By the time, it sold the Hollywood newspaper Variety to Penske in 2012, Reed had divested more than 150 B2B magazines and directories in 14 countries that, just four years previously, had accounted for almost 50% of its B2B portfolio. Almost a decade later, the renamed RELX is a £39bn listed group whose £8bn revenue comes from Risk & Business Analytics (29%), Scientific (33%), Legal (21%) and Exhibitions (16%).
The £7bn Informa has had its own journey of transformation.
The company grew out of the 1998 merger of troubled newsletter and conference company International Business Communications and Lloyd’s List, the 250-year-old shipping daily.
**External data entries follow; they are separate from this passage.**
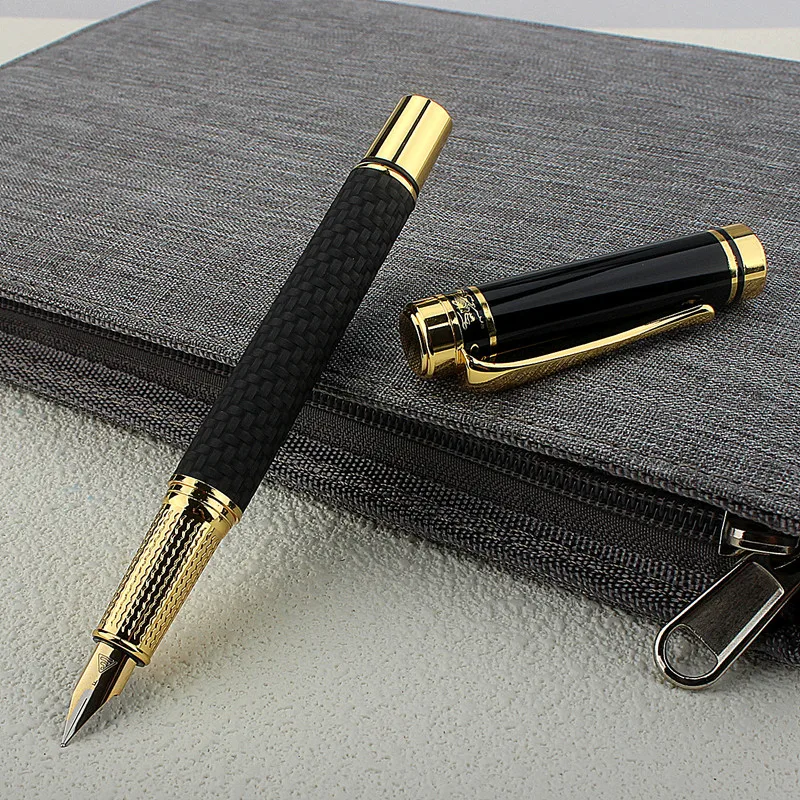 New Luxury Cloth Weave Metal Fountain Pen Fine 0.5MM Nib Beautiful Excellent Writing Gift Pen School Supplies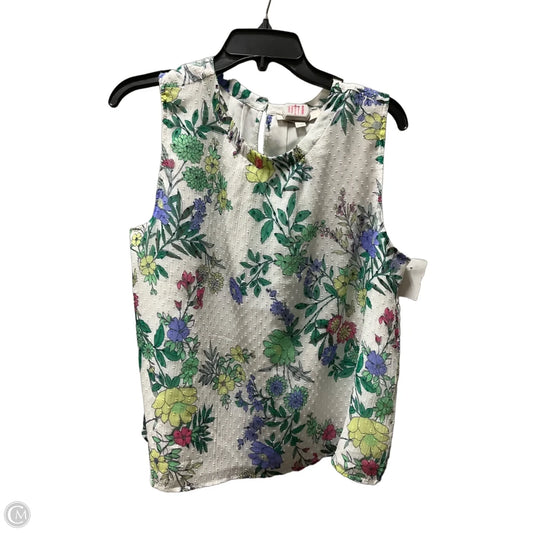Top Sleeveless By Loft In Floral Print, Size: L
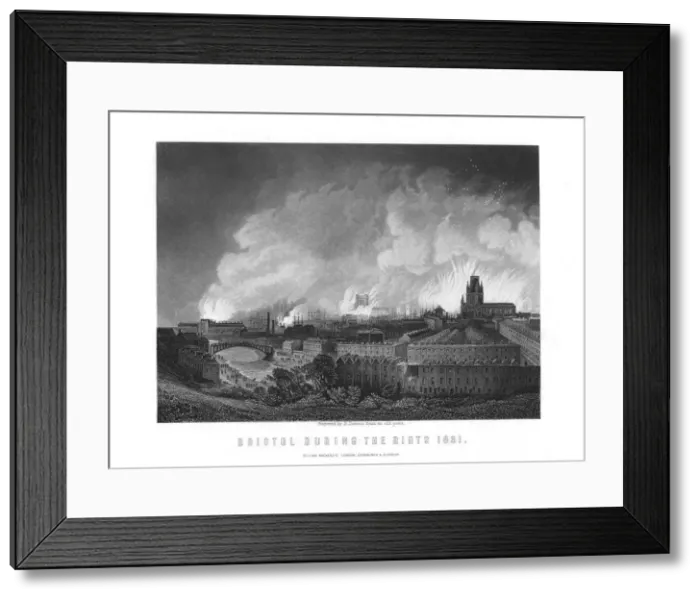 Framed Print : The Bristol Riots of 1831, (1893). Artist: R Dawson Framed Print : The Bristol Riots of 1831, (1893). Artist: R Dawson
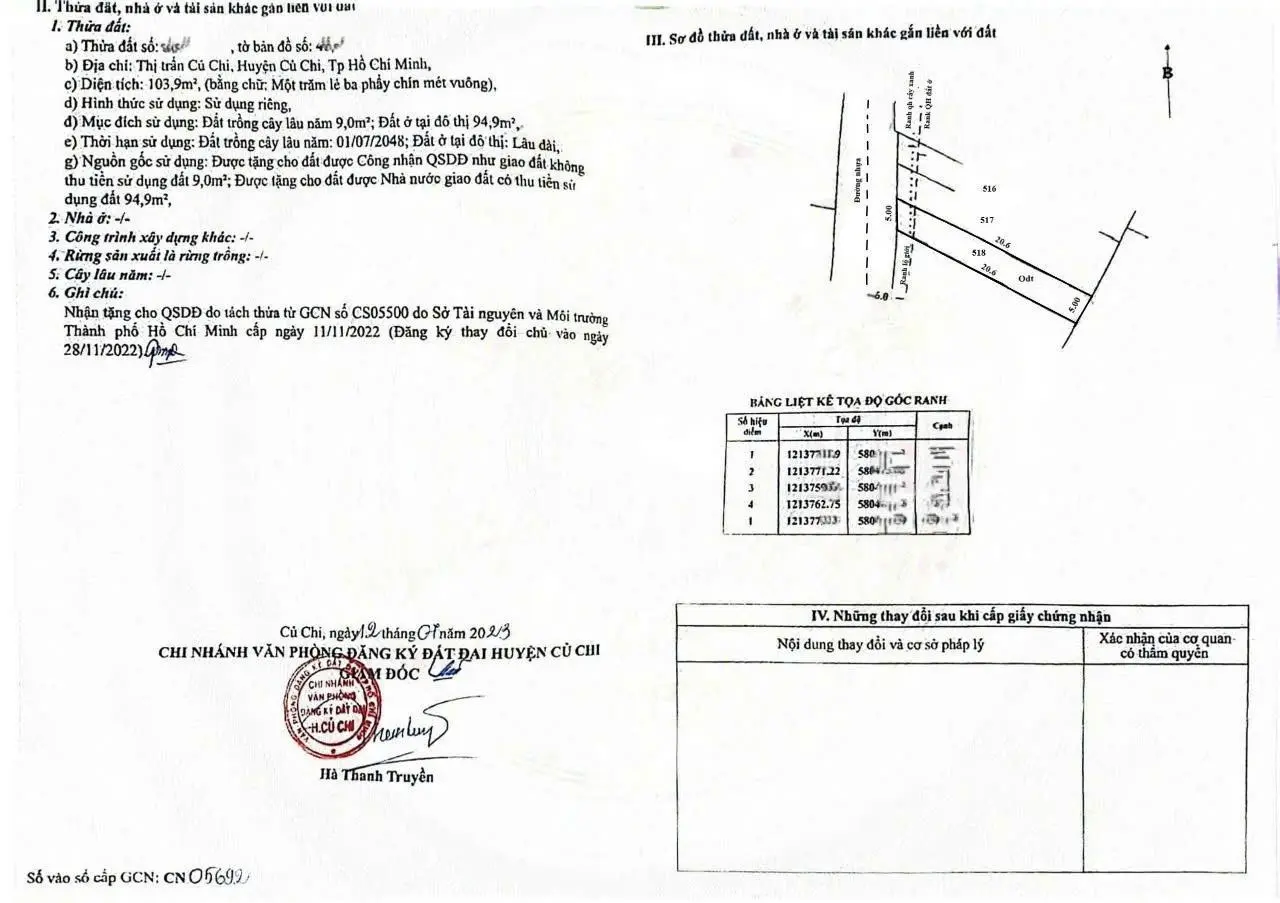 Bán 104m2 đất thị trấn Củ Chi, sổ hồng riêng đường 10m dân cư sầm uất, giá 1 tỷ còn bớt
Over the next decade, Informa went on a buying spree, snapping up the Scrip pharma newsletter (for £120m), the IIR conference and training company (£770m), Datamonitor (£513m), and merging with the academic publisher Taylor & Francis.
In 2008, Informa’s merger talks with UBM collapsed over who would be CEO. Ten years later, the company under new CEO Stephen Carter swooped on UBM which had recently decided to become a pureplay exhibitions company. The combination made Informa the world leader.
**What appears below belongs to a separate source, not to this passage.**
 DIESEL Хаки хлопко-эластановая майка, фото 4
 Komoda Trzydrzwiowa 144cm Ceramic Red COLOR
In 2019, Informa Plc generated a 32% operating margin from its £2.9bn revenue. Some 50% of the revenue and 53% of the profit was generated by exhibitions. Together with its conferences and electronic networks, Informa’s whole events portfolio accounted for 58% of profit last year. Taylor & Francis accounted for 19% of revenue and 39% of profit.
Informa now has some 500 B2B brands and 4.6m sq m of exhibition space in 15 specialist markets across 40 countries.
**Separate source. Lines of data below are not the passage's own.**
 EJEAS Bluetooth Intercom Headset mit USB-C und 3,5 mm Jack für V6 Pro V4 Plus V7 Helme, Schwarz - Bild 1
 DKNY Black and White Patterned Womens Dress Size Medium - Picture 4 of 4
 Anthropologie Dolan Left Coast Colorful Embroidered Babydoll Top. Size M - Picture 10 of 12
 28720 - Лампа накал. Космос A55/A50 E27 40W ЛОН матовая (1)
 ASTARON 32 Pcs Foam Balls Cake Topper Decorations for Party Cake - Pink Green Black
The listed company’s assumption that the exhibitions market will bounce back by 2022 carries obvious risk which may be mitigated by M&A and the incremental application of the tech for virtual meetings now being widely used.
Irrespective, the investment case for a mega-merger of the world’s two largest exhibitions companies seems simple enough – subject to price and the timing and geography of Covid. It is reasonable to assume also that RELX could get a decent return from absorbing Informa’s Taylor & Francis into its own academic publishing.
The road, therefore, seems clear enough for Informa to seek to acquire Reed Exhibitions. A part-exchange deal involving Taylor & Francis might pre-empt rival bids. Some kind of cross-shareholding could ease the valuation in tricky times.
Of course, there are other possibilities like a RELX break-up and the sell-off of its fastest-growing division, Risk & Business Analytics, with £2.4bn of revenue and £1bn EBITDA forecast for 2020. It is, of course, a year when few companies will manage anything like that 17% profit growth – and with a highly attractive 60% from transactional revenues and most of the rest from subscriptions. Companies like Verisk and Bloomberg would kill to buy it.
But exhibitions consolidation would create the platform for Informa to:
- Focus on the major exhibition brands and growth markets worldwide
- Develop best-of-class technology to create year-round transactional relationships between exhibitors and visitors; and integrate virtual access and broadcast-streaming in order to maximise global participation at live events over the longterm
- Create high-value information services including statistics and price indices in its key exhibition markets. Not just promotional emails, trade magazines or content marketing, but the kind of exclusive, must-have information that subscribers of Euromoney, Argus Media, and Reuters pay for. Such data would enhance the quality of exhibition relationships and also diversify earnings.
The Covid outbreak has created the opportunity for Informa to snatch Reed Exhibitions, consolidate its global leadership, and build the 21st century model of an information-rich events group. Get ready.